* EXERCISE: Here the job is to transcribe only the lines from the one containing "Механизм кнопки исполнительный" through the last line below, exactly as written; please leave out pictures.
── INPUT RECORDS
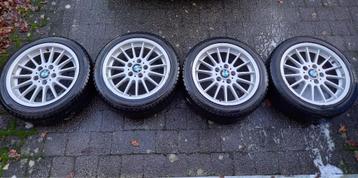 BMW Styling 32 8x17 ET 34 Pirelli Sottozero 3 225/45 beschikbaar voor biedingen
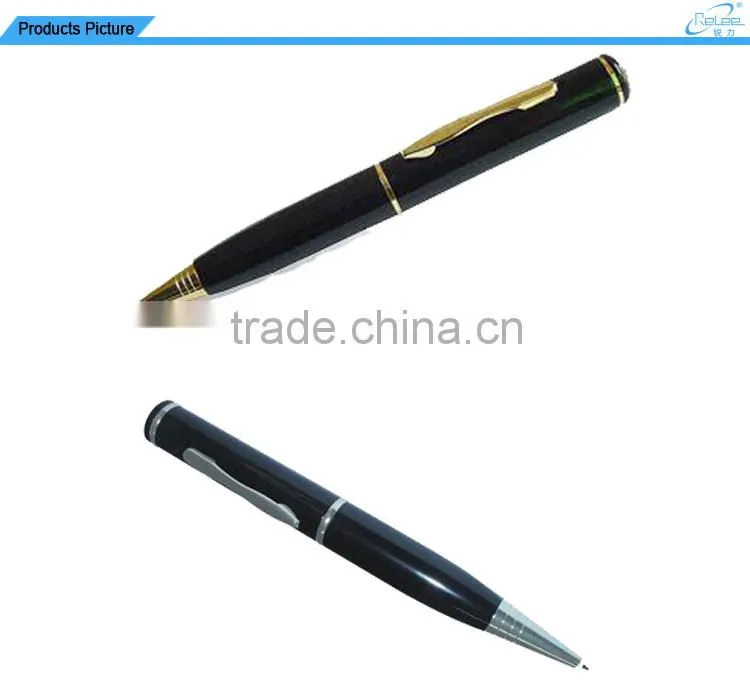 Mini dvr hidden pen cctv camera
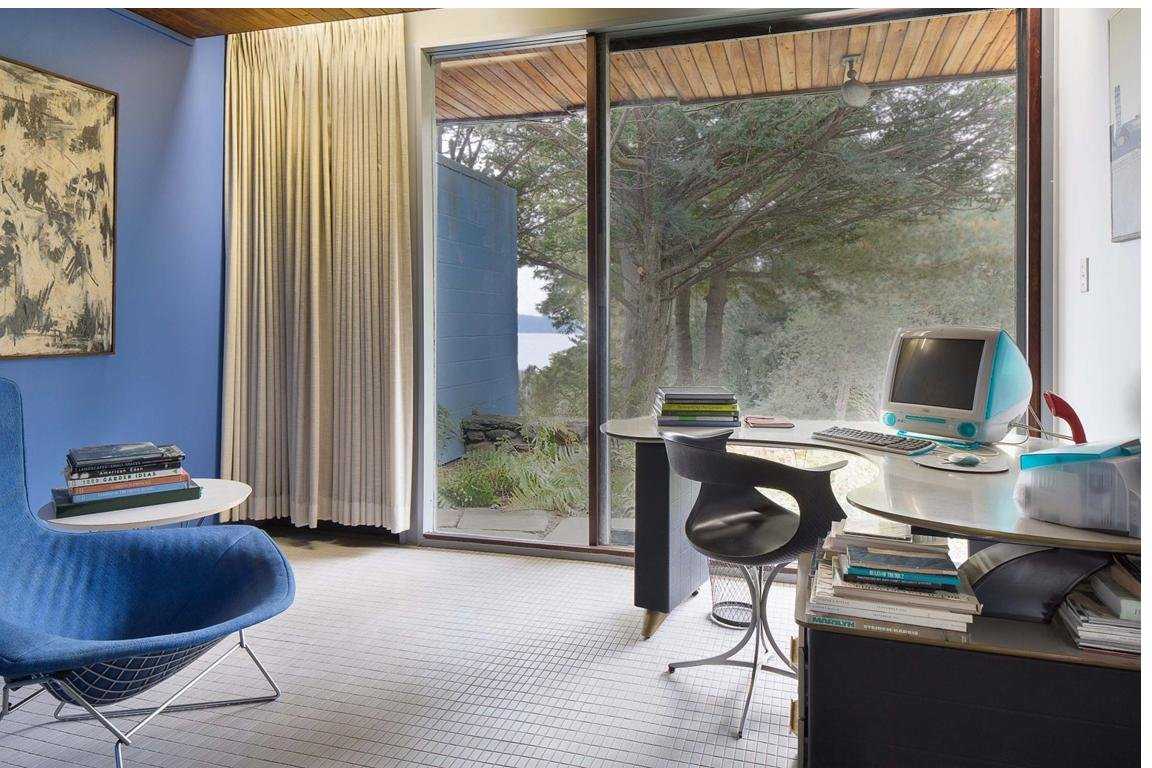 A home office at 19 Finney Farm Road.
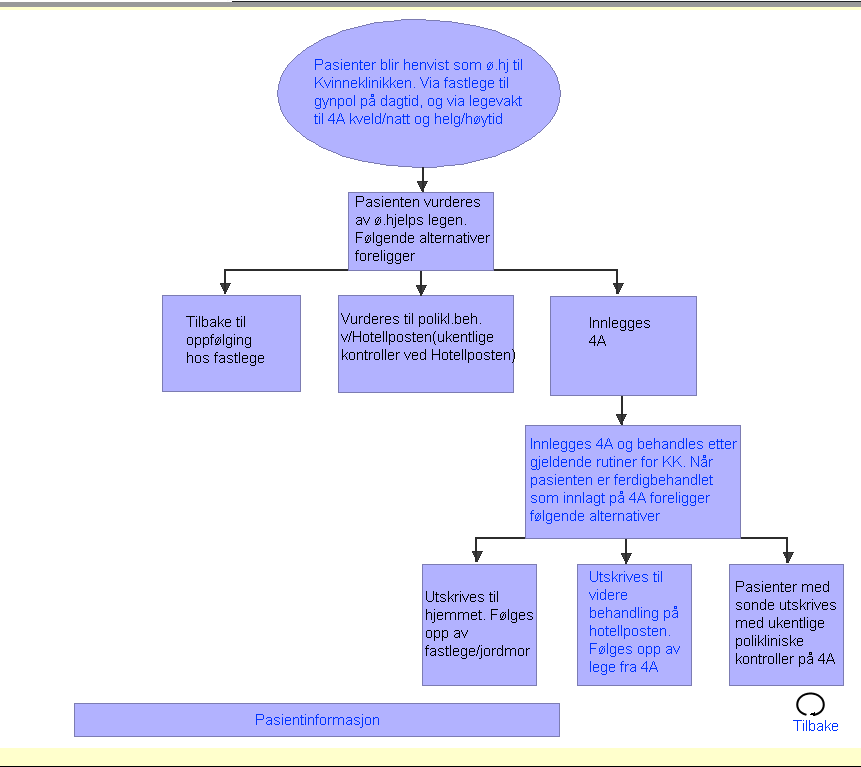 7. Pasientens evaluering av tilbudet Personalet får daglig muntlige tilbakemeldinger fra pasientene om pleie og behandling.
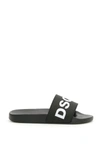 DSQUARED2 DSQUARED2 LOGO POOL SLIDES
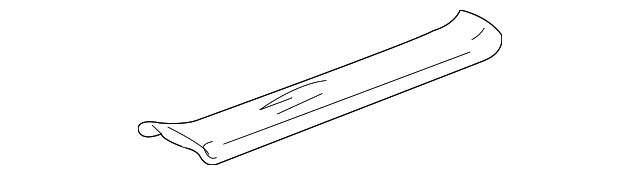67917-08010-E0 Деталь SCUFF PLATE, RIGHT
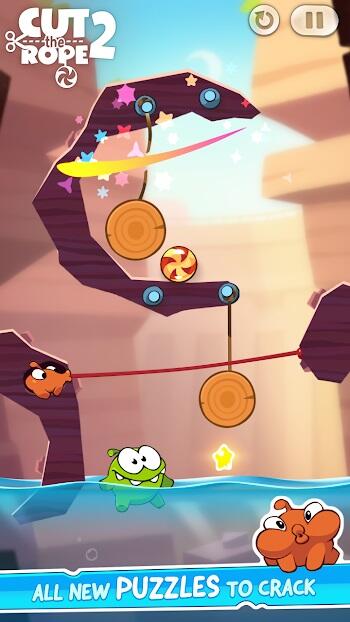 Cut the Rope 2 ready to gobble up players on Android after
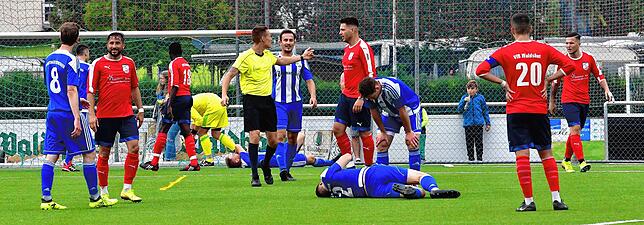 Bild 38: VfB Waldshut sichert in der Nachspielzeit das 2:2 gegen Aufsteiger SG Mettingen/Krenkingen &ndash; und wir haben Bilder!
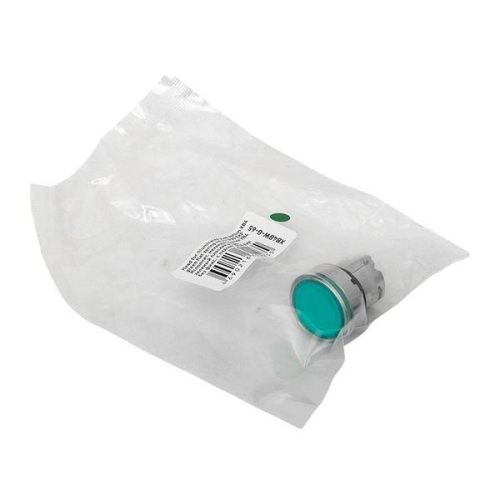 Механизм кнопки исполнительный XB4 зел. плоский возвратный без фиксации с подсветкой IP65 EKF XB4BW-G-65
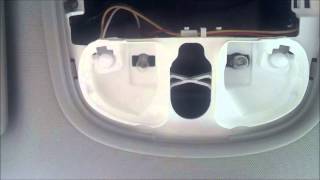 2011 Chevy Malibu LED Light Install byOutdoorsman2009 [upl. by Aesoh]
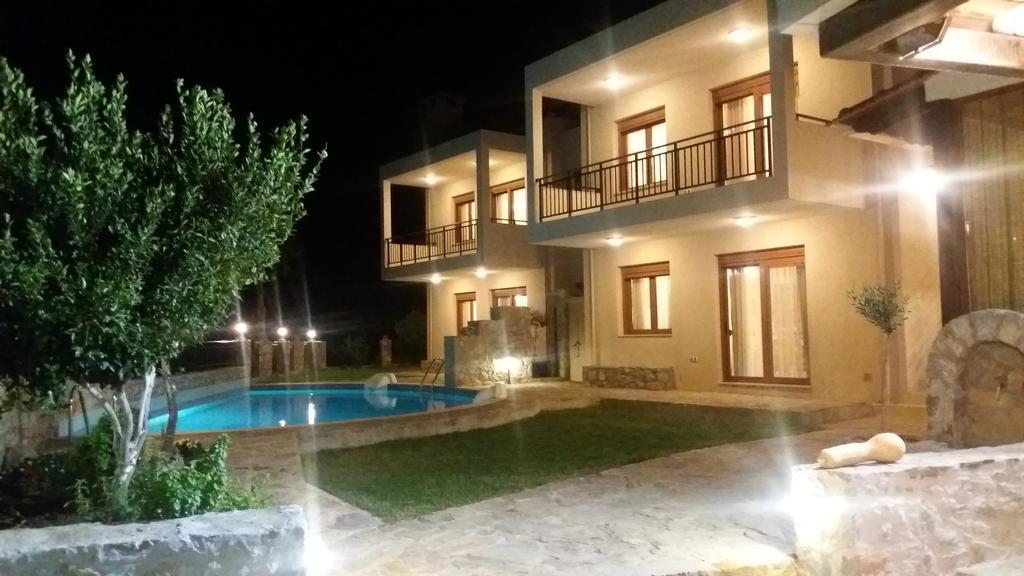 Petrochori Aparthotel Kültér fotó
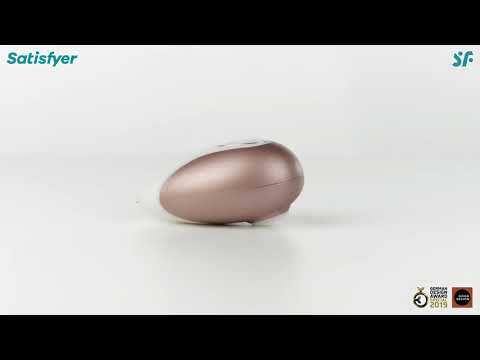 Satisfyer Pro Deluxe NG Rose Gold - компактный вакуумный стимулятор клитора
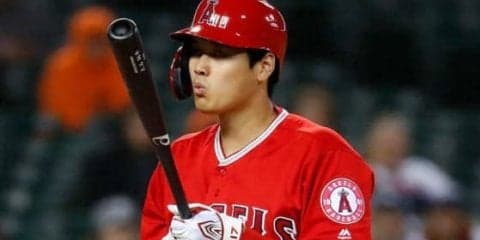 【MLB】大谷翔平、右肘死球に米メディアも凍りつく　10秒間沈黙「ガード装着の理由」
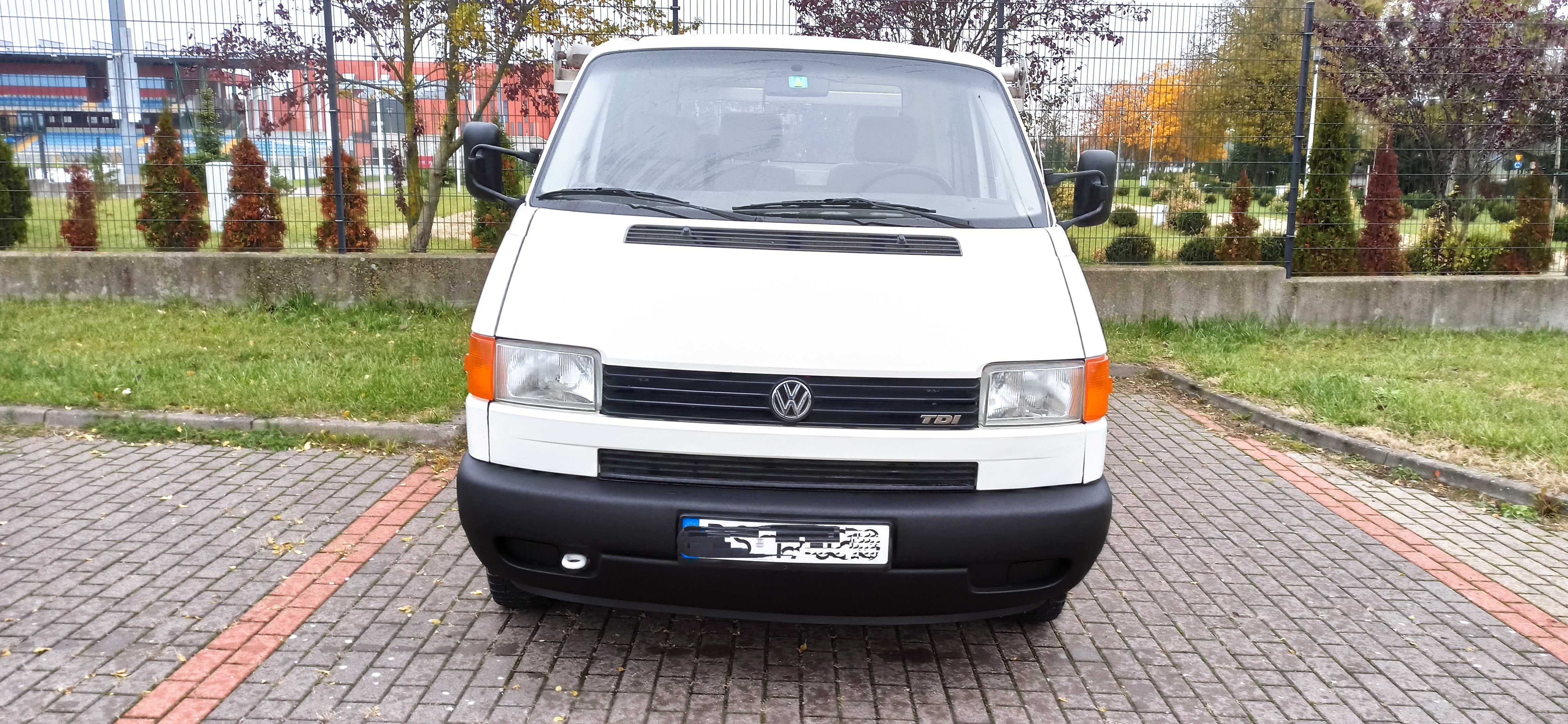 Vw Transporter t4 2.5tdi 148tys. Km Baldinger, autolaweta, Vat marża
────
* YOUR SOLUTION:
 Механизм кнопки исполнительный XB4 зел. плоский возвратный без фиксации с подсветкой IP65 EKF XB4BW-G-65
 2011 Chevy Malibu LED Light Install byOutdoorsman2009 [upl. by Aesoh]
 Petrochori Aparthotel Kültér fotó
 Satisfyer Pro Deluxe NG Rose Gold - компактный вакуумный стимулятор клитора
 【MLB】大谷翔平、右肘死球に米メディアも凍りつく　10秒間沈黙「ガード装着の理由」
 Vw Transporter t4 2.5tdi 148tys. Km Baldinger, autolaweta, Vat marża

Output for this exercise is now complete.